From the first line of the listing to the last, set down everything exactly, but skip the images.
Top of Data shown
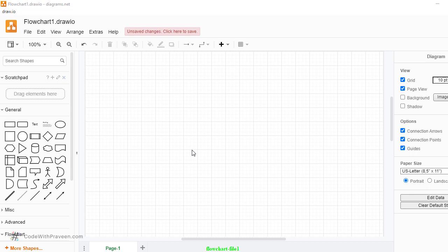Let us now go ahead and create our first flowchart. Here I'll also explain the different interfaces and how to create the flowchart using this software.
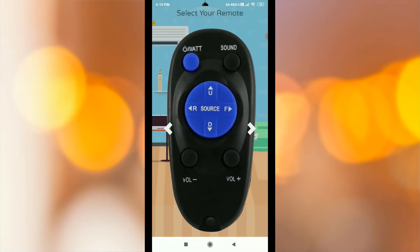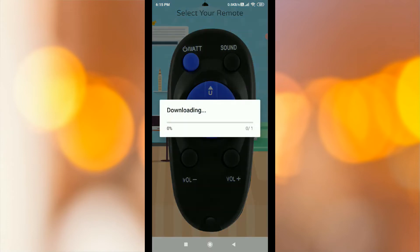You can download the app. If you choose the exact model, you can download it. Click the download option.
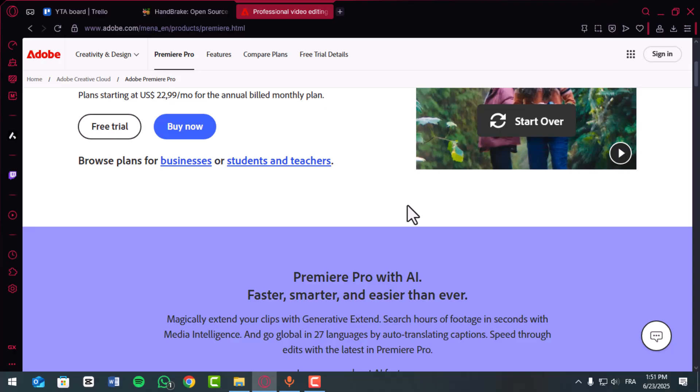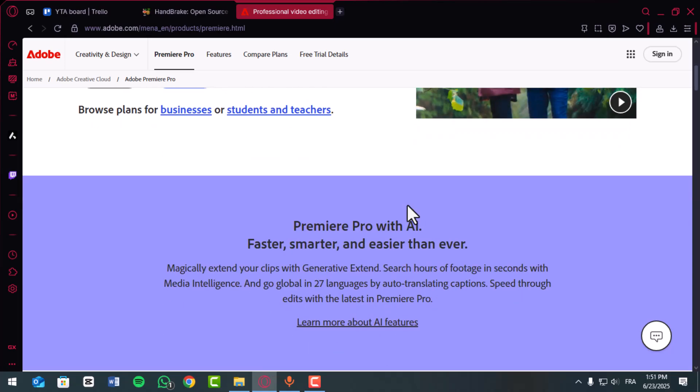Once attached, use the toggle proxies button in the program monitor to switch between full res and proxy while editing.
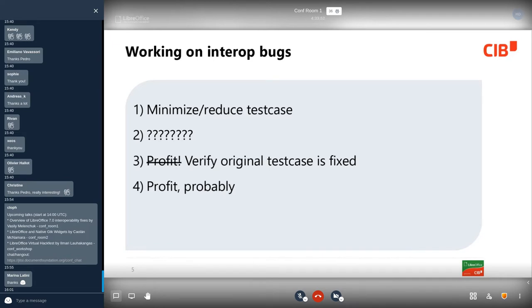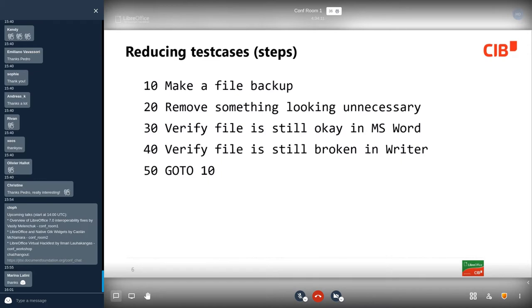I will not talk much about the secret step number two — it is very specific. Step three is obvious. But step one, about minimizing and reducing the test case, is of most interest in this area. As far as I see, nobody has invented any better approach than this algorithm. On every step, we first make a backup of the current file. This is important because if we ruin the document somehow, or the bug is no longer reproducible, we can easily fall back to the previous phase.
Bottom of Data shown
> [Solution]:
Let us now go ahead and create our first flowchart. Here I'll also explain the different interfaces and how to create the flowchart using this software.
You can download the app. If you choose the exact model, you can download it. Click the download option.
Once attached, use the toggle proxies button in the program monitor to switch between full res and proxy while editing.
I will not talk much about the secret step number two — it is very specific. Step three is obvious. But step one, about minimizing and reducing the test case, is of most interest in this area. As far as I see, nobody has invented any better approach than this algorithm. On every step, we first make a backup of the current file. This is important because if we ruin the document somehow, or the bug is no longer reproducible, we can easily fall back to the previous phase.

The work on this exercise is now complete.